In short, she wasn’t going to tell us a damn thing about Bessy, let alone allow us to see her.

I rang Bessy’s phone again but she didn’t pick up.

Come on, Bess. Answer the damned phone so we can save you. 

Pacing, I tried a couple more times before she finally answered. 

My heart twisted when I heard her on the other line.

She was still sobbing on the phone but she was at least rambling out where she was in the building.

“She clearly doesn’t want to do this,” I told the woman, thrusting out my phone to her so she could hear Bessy wailing on the other line. “She’s very upset.”

“I know. We’ve been trying to get her to settle down in the last half hour,” the woman answered with an exasperated roll of her eyes.
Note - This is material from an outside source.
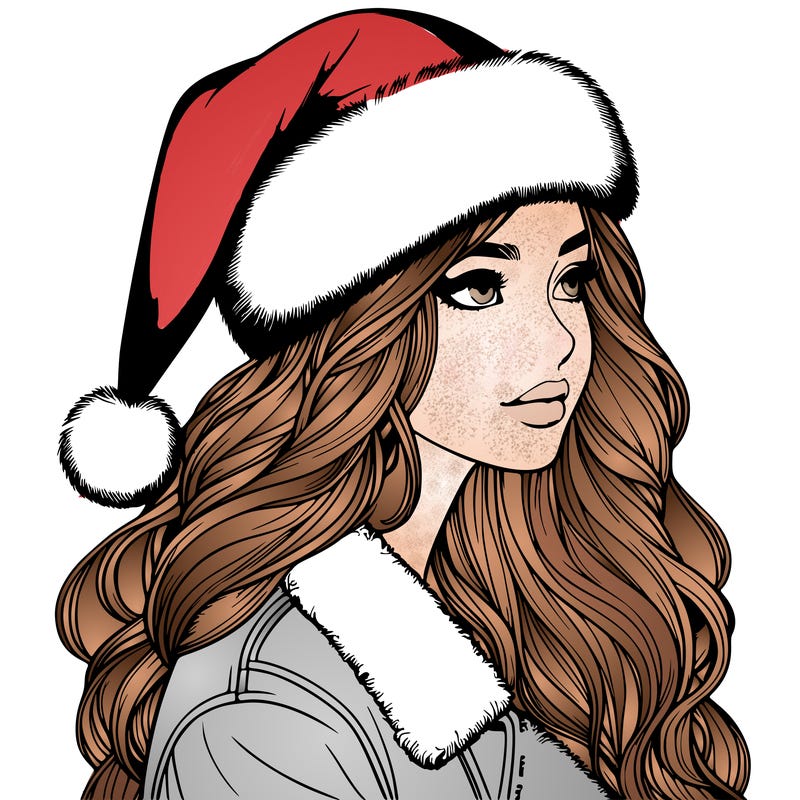 realistic girl in santa hat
“We’d really like to see Bessy Mitchell, please,” Jake said in a stern, serious voice as he levelled the receptionist the most intimidating stare I’d ever seen from him. “We’d hate to have to file a complaint about the treatment of patients and their trusted family and friends in this facility. I do own two of the top newspapers in this city, after all.”

Jake hardly ever called attention to his wealth and influence that I often forgot he was running a very successful publishing business. While I never thought of him capable of extreme vanity when it came to his social status, it was handy to see him turn up his level of self-importance at a time like this.

“And I happen to be a co-chairperson of the state’s most important charitable society—The Lady Championettes Society. You might have heard of them,” I added, tipping my nose so high in the air, it would’ve proved hazardous to a plane flying by. 

While this wasn’t my usual strategy, questionable places such as a fly-by-night abortion center like this only cared about money, dirty or not, and staying under the radar so they could continue to run their operation without sticking to the strictly implemented regulations. 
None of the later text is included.